Work instruction.
With the images left out, print every entry that follows exactly.

Entries shown.
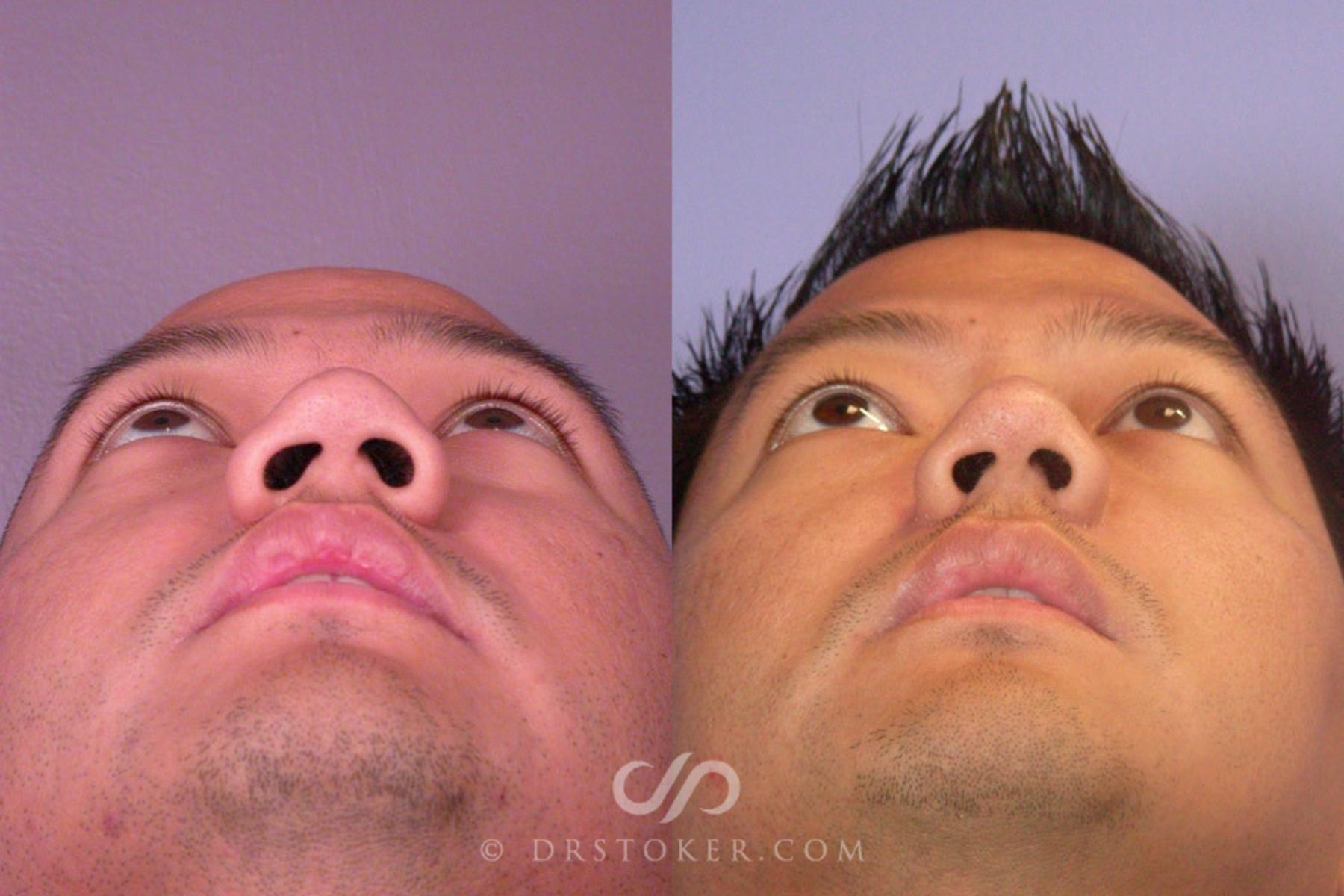 Before & After Rhinoplasty Case 2254 Under View in Los Angeles, CA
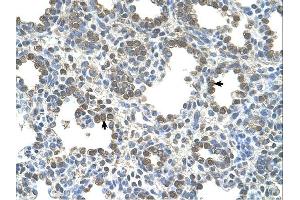 SLC26A5 antibody was used for immunohistochemistry at a concentration of 4-8 ug/ml. (SLC26A5 抗体)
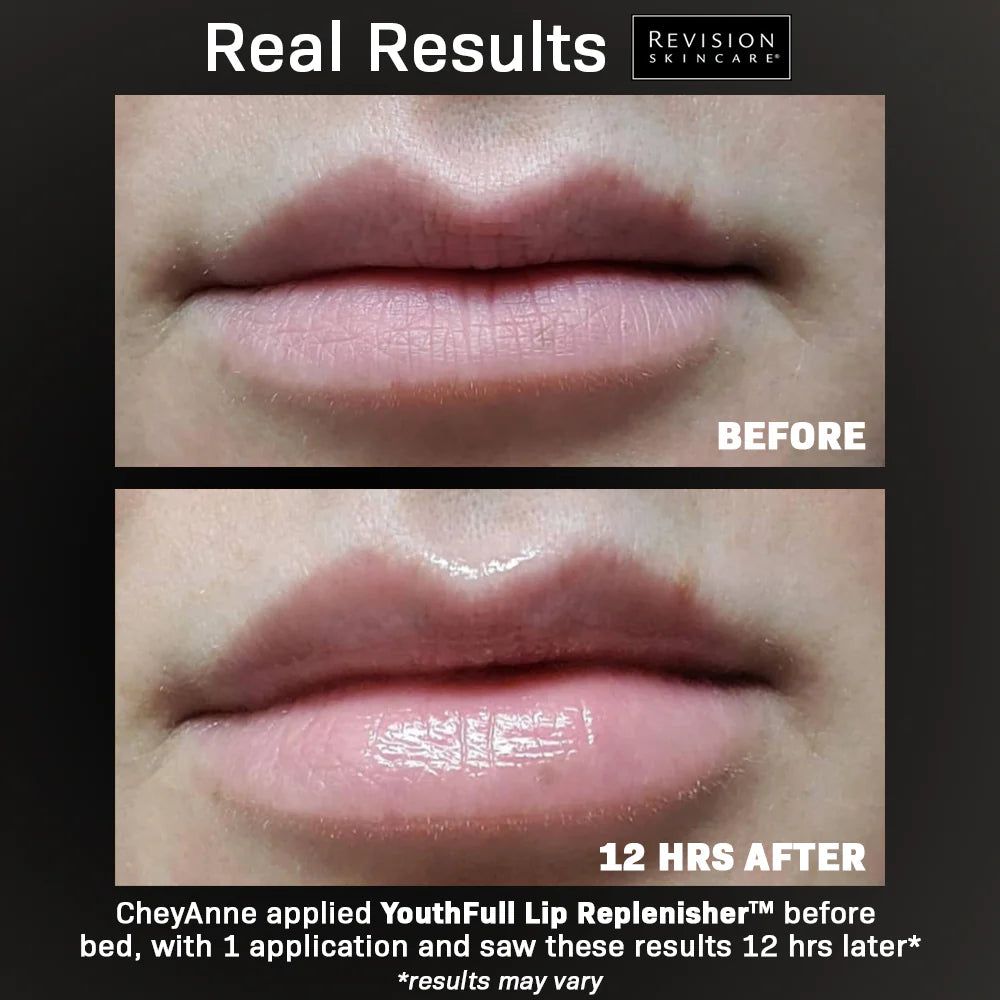 REVISION YouthFull Lip Replenisher® 0.33 oz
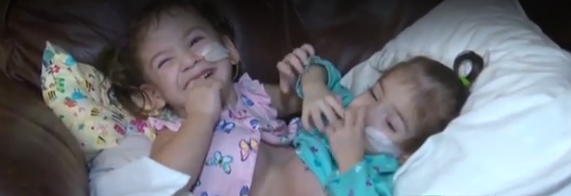 Conjoined twins celebrate first birthday since separation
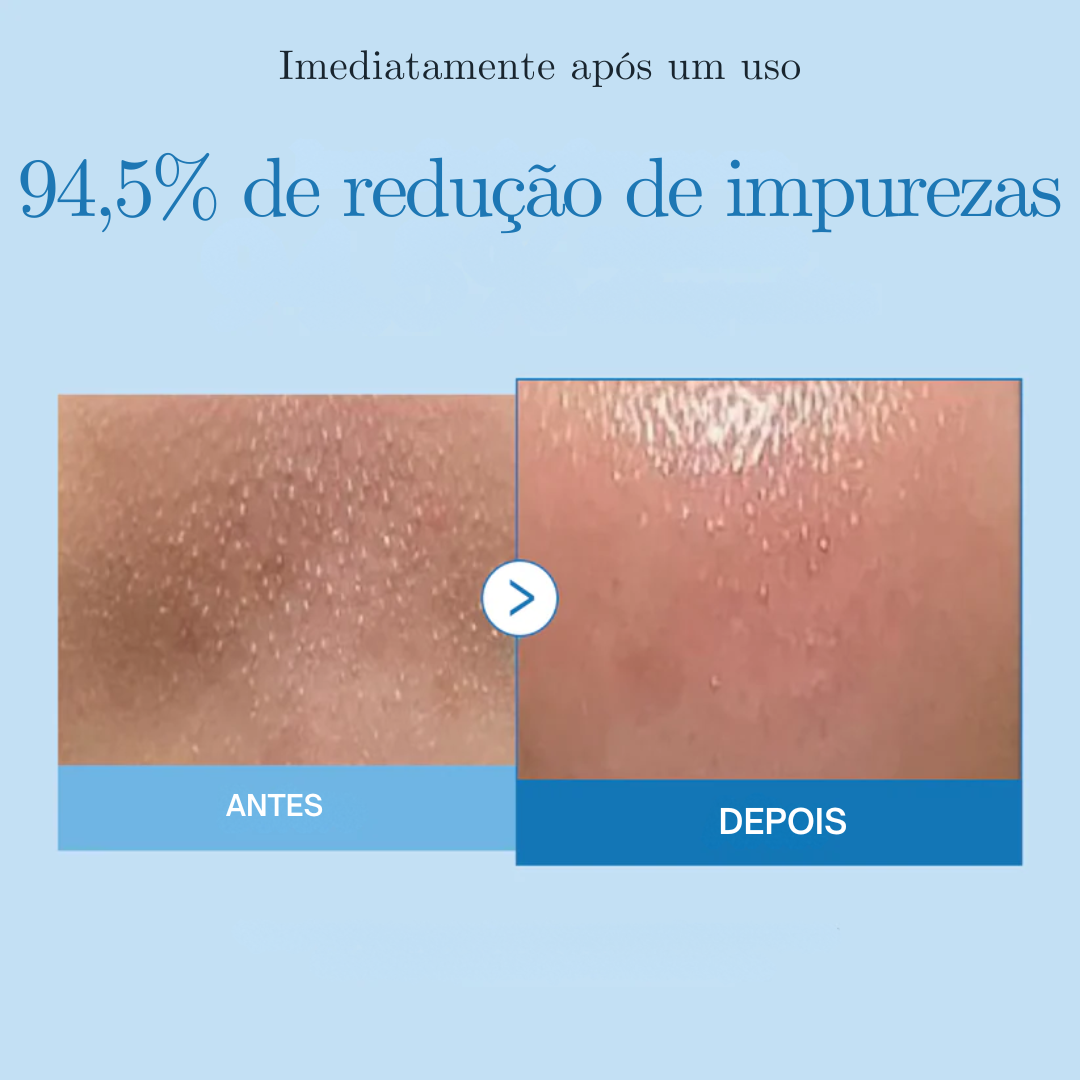 Óleo de Limpeza Profunda Zero Pore Blackhead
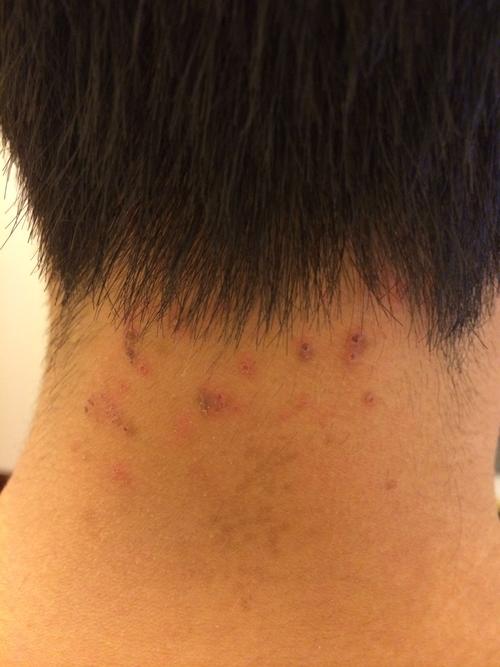 脖子後面長痘痘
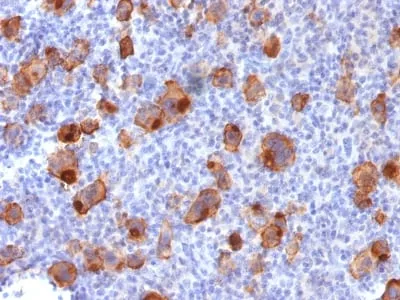CD30 / TNFRSF8 (Hodgkin & Reed-Sternberg Cell Marker) (Ki-1/1747R), CF647 conjugate, 0.1mg/mL
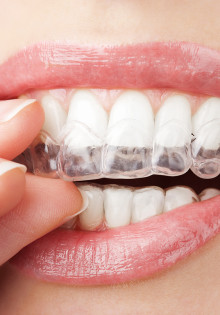 Как работают элайнеры для выравнивания зубов?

Solution for this problem.
 Before & After Rhinoplasty Case 2254 Under View in Los Angeles, CA
 SLC26A5 antibody was used for immunohistochemistry at a concentration of 4-8 ug/ml. (SLC26A5 抗体)
 REVISION YouthFull Lip Replenisher® 0.33 oz
 Conjoined twins celebrate first birthday since separation
 Óleo de Limpeza Profunda Zero Pore Blackhead
 脖子後面長痘痘
CD30 / TNFRSF8 (Hodgkin & Reed-Sternberg Cell Marker) (Ki-1/1747R), CF647 conjugate, 0.1mg/mL
 Как работают элайнеры для выравнивания зубов?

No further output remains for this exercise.